The, what you call, NOL, that’s the way you formulate it in English, net operating losses community was €11 billion. The tax rate in France is 33.3%. So the tax loss is 3.8. And this is not discounted with you can, 3.8, yes. 3.8, yes.

A - Daniel Scolan

Okay. Shall we turn to another question from the call, Andrew O’Neill from Sanford Bernstein.

Q - Andrew O’Neill

Thank you, it’s Andrew O’Neill from Sanford Bernstein. A question on SFR. I was interested in the price reduction that you were expecting for 2006 of down 8% to continue. I’m wondering if you could give us a little bit of color on how the unlimited contracts are going for SFR to SFR customers and the price deflation you are seeing from that offer. And then also, at the same time, the kind of volume growth in outbound voice calling that you’re seeing for the business overall. I noticed through the course of 2005 there was definitely a deceleration in the outbound voice revenue, I think to about maybe 4% growth in the final quarter. So perhaps you can help us understand what that would look like in 2006.

A - Jacques Espinasse

Yes, basically on our outbound minutes, we think 2005, we had an increase of 18%, out of which, let’s say, 54% was due to new customers. And the other 9% it’s basically the price decrease we discussed as our existing clients use more our services at the same price ARPU. And this was mainly due to the unlimited offer we did. As we discussed, we have called it internally NG4. We have three numbers unlimited, as with our numbers. And this has led to a price decrease of this 8% to 9% decline. And looking forward for 2006, we see the same trend. We have a price decrease on our existing base. But at the same time we have an increase in our usage and we see it also today.

Q - Andrew O’Neill

Is there a point where you may start to wrap against the offer and therefore not be similar to the other price decrease?

A - Jacques Espinasse

Okay, I am not releasing what our marketing plans for 2006 are. But based on our strategy to have a lot of capacity with 2G and 3G, we are convinced we have a lot of flexibility, especially around this offer at home. To gain more clients more minutes in this market and produce more revenue.

Q - Andrew O’Neill

Okay. Thank you.

A - Daniel Scolan

Okay. Thank you. We have a question from Sebastien Mourot from JP Morgan. Sebastien bonjour.

Q - Sebastien Mourot

Bonjour. Two quick questions. The first one on SFR. Do you expect any further regulatory pressure in 2007 and going forward? I know that the burden in ’06 is quite high. But has there been any sign of that? And secondly, in music in ’05, can you help us understand how much of the increase in margin was linked to the migration from physical to digital sales, versus restructuring costs moving out of the base of cost savings? Thank you.

A - Jacques Espinasse

Yes, just to put your regulatory pressure, we’ll see, unfortunately.
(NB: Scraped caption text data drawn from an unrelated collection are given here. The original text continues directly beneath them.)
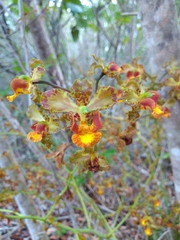 Cyrtopodium macrobulbon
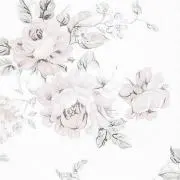 るちの画像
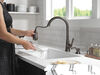 Single Handle Pull-Down Kitchen Faucet with Soap Dispenser and ShieldSpray&reg; Technology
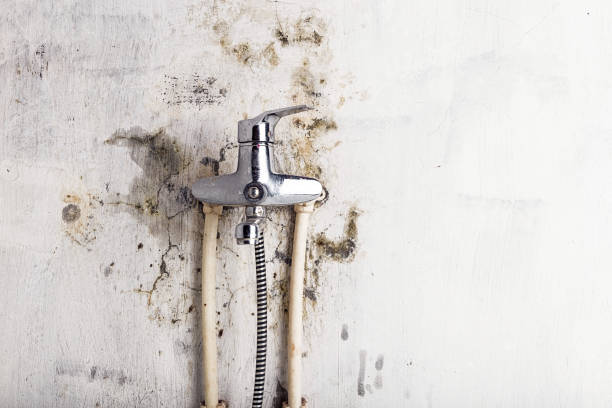 Reliable Sylvan Lake, MI Mold Removal Solutions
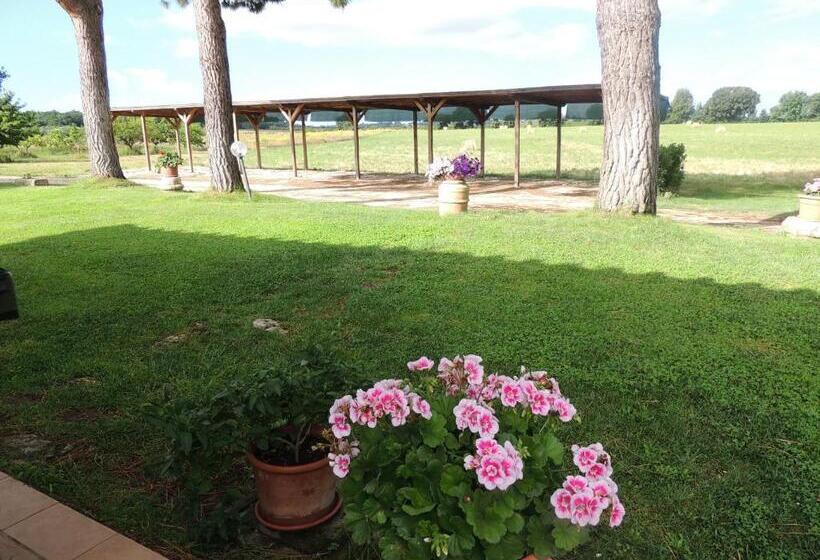 Отель Agriturismo Valle Martina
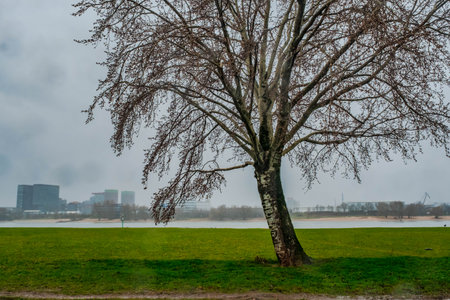 The German city of DÃ¼sseldorf from the left bank of the Rhine riverの写真素材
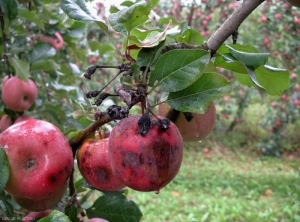 Symptômes de black rot sur fruits au verger de variété Fuji (photo M. Giraud, CTIFL)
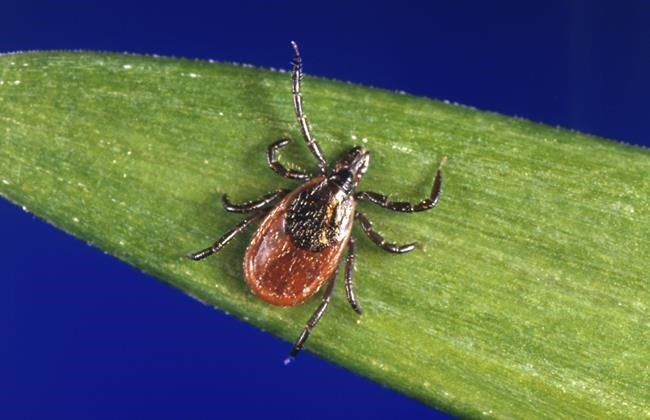 sudburydotcom's tweet card. Over the last 20 years there has been a rise in the incidence of Lyme disease as ticks are able to survive the winters, says Dr. Kieran Moore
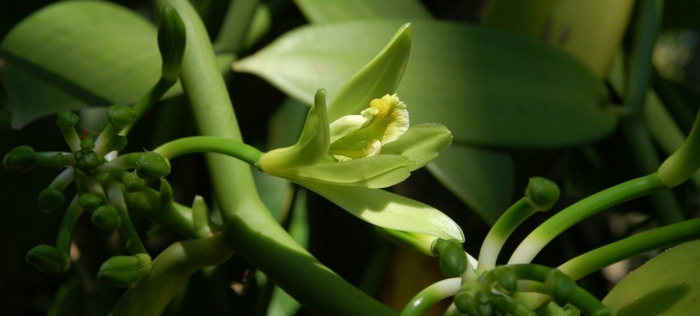 heilkräuter gegen kopfweh Vanilla fragrans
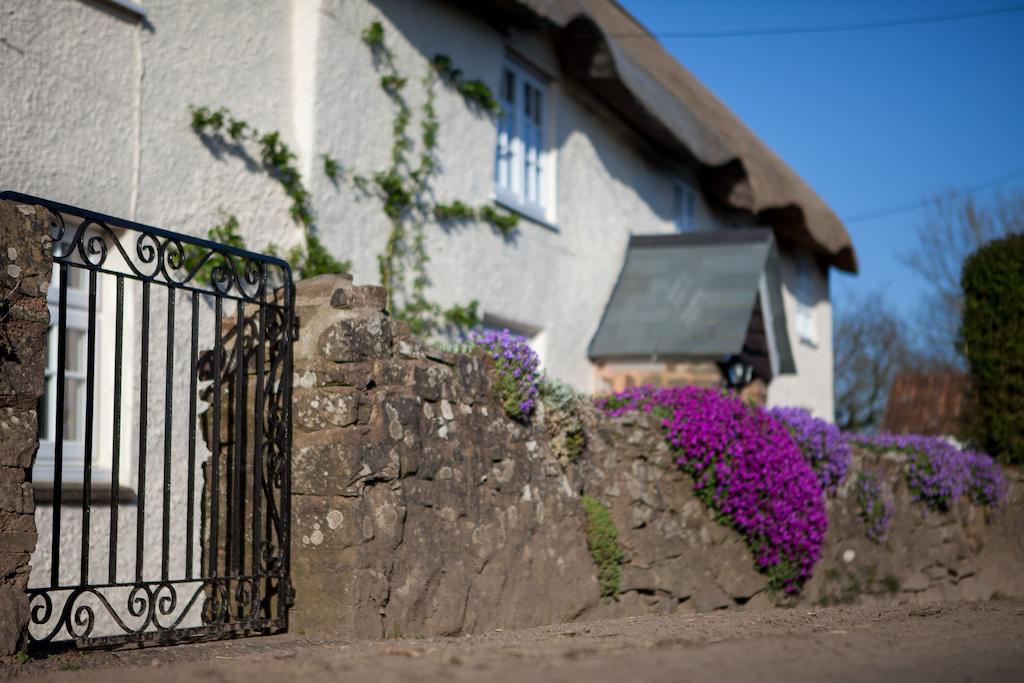 Fernside Bed And Breakfast Templeton  Exterior photo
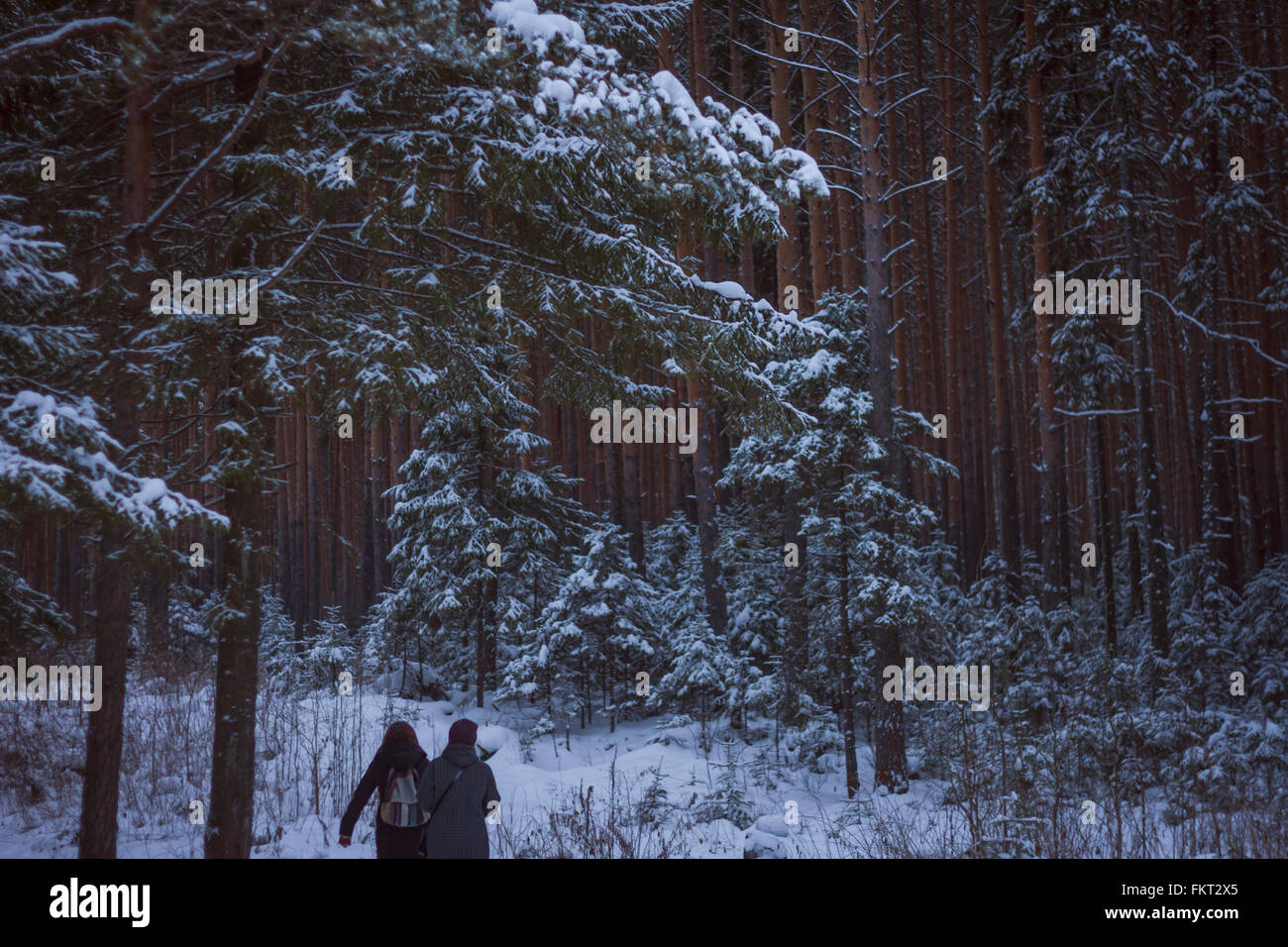Caucasian women walking in snowy forest Stock Photo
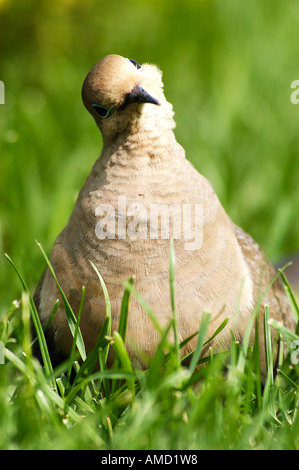 Mourning Dove Zenaida Macroura Gras sitzen Stockfoto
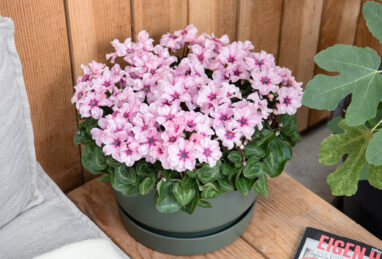 Cyclamen Illusia F1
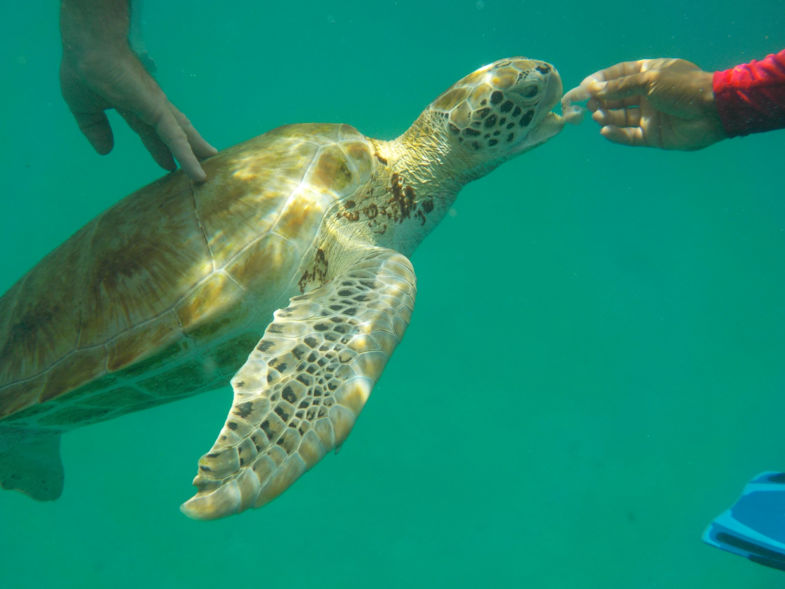 Laat iemand anders ze maar voeren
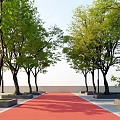 Arbor Trees Lined Along Red Pathway With Green Leaves And Tree Planters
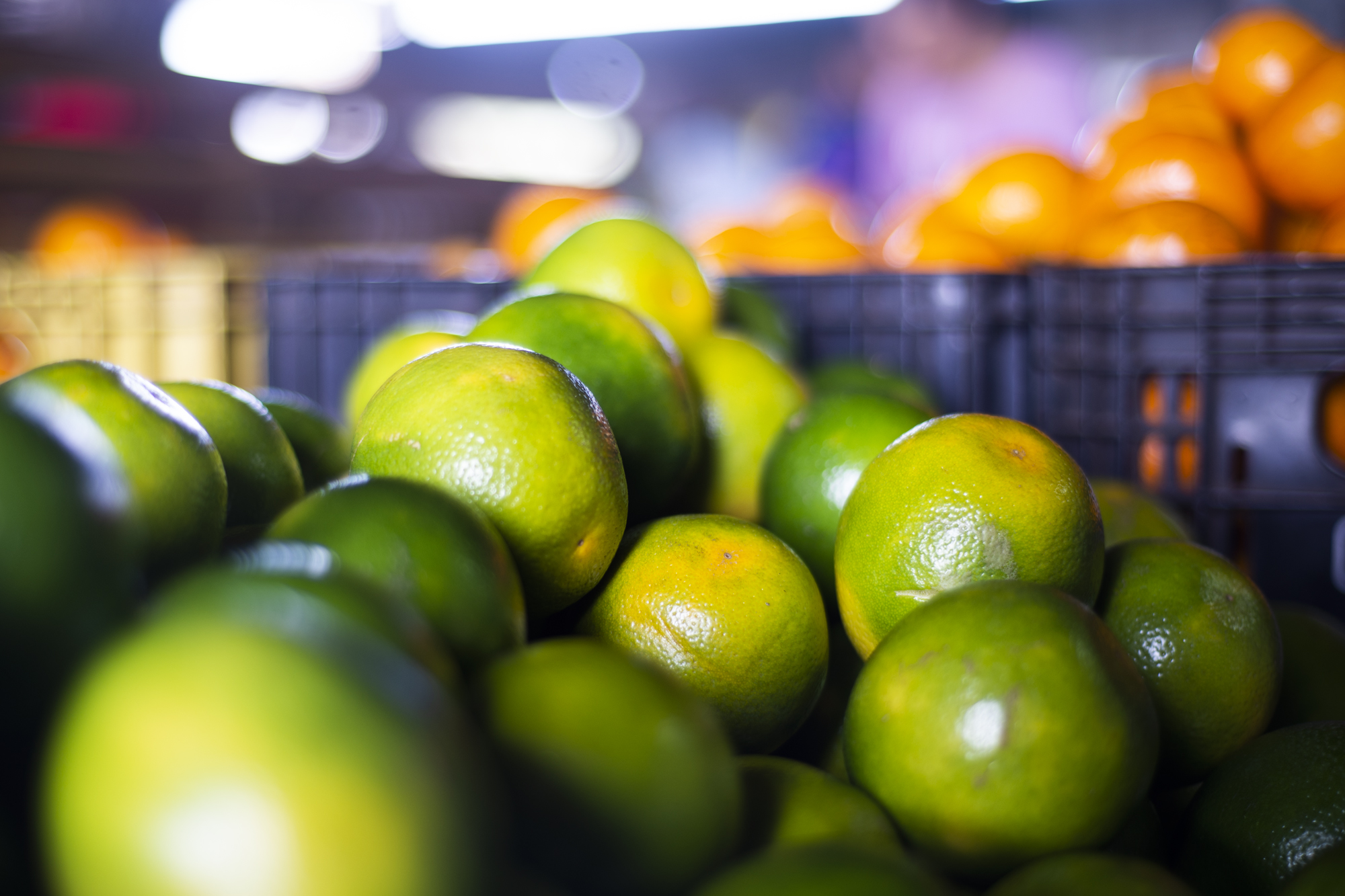 PREÇO DO LIMÃO TAITI TEM QUEDA DE 25% NA CEASA EM TIANGUÁ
But the impact on our balance sheet is less and less. For example, if we now take the fixed mobile entrance curve, incoming curves, if we have a base of 24% this year, out of which the part of revenue which is today has been 2005, 18%, will go down to 13% of total revenue. This means each further decrease on 13% will have a smaller impact on our balance sheet than before. The second part, maybe also related to this regulatory pressure could come from the roaming carriers, and there will our Passport Vodafone Passport offer, we have already proactively raised our prices. So that, really there I think the other operators first have to follow before we have a further impact on this.

Q - Sebastien Mourot

Thank you.

A - Jean-Bernard Levy

And to answer you other questions, Sebastien, I would say that if you look at our ’03 numbers for operating profit, and our ’05 numbers, they are probably and you take out some non-recurring costs we had, especially in ’03 and not a lot in ’05, there is probably improvement of the margin by something like €360 to €380 million. I would consider that probably 80% of that is due to the cost reduction program that we successfully implemented and maybe around 20% to 25% is due to a, series of other results such as the mix of products. That does include the migration from analog to digital distribution.

Q - Sebastien Mourot

Thank you very much.

A - Daniel Scolan

Okay. We have one last question from Edward Steel, Morgan Stanley. Edward?

Q - Edward Steel

Hello there. I wanted to ask a couple of questions just regarding Canal+. Can you give us some details of your revenue sharing agreements when Canal+ distributed over DSL and also over cable? And could you also just quickly take me through the tax to explain how you get from unadjusted to adjusted tax charge, because I’m being a bit stupid about that, please? Thank you.

A - Jean-Bernard Levy

Eric?

A - Eric Pradon

Okay. I’m going to answer the first question, and then I need to understand the second one. The first question is very easy, either through cable or ADSL, we sell Canal+. We don’t share anything with anybody. The revenue is ours. That’s all.

Q - Edward Steel

Okay.

A - Jacques Espinasse

Okay. Concerning your tax question, I am pleased to report that you will find it in the subsequent pages of the presentation, and also in the chapter 4 of the document reference in full details. And it’s making it simple because otherwise we’d have to enter into a lot of details concerning taxes. But please, feel free if you don’t think it is clear, to call IR and we will answer the questions. And the answer you would get from IR is not clear enough, you call me, and I will report.

A - Daniel Scolan

Okay. We have one very last question from the room. Please?

Q - Richard Houbron

Richard Houbron from IXIS. Two very quick questions on the Games. First, concerning the guidance of 12% to 15% growth, could you tell which part is due to the four acquisitions you made this year, or is it totally underlying. Then concerning the profit increase, you had some write down this year related to those acquisitions, especially some impact developing games which you had to issue write downs on to give the total amount for 2005. Thank you.

A - Jacques Espinasse

We do not expect this year to have to write down. It’s not actually write down, it’s an accounting matter of what we external or internal R&D cost. As we do not keep any R&D cost on the balance sheet, we had to put them immediately through the P&L. nad we do not expect to have such one-off cost in our 2006 numbers. And if you look at the, some of the studios we have acquired will deliver products this year, like Radical in Canada. Others will only develop they deliver products next year. So it’s a bit tough to give you an answer on what’s due. But if you wish we can have a separate session and explain what the product outflow looks like in more details.

A - Daniel Scolan

So thank you. I think we have dealt with each and every question. And thank you very much for attending this presentation. Goodbye to everybody.

Operator

Ladies and gentlemen, that will conclude today’s conference call. Thank you for your participation. You may now disconnect.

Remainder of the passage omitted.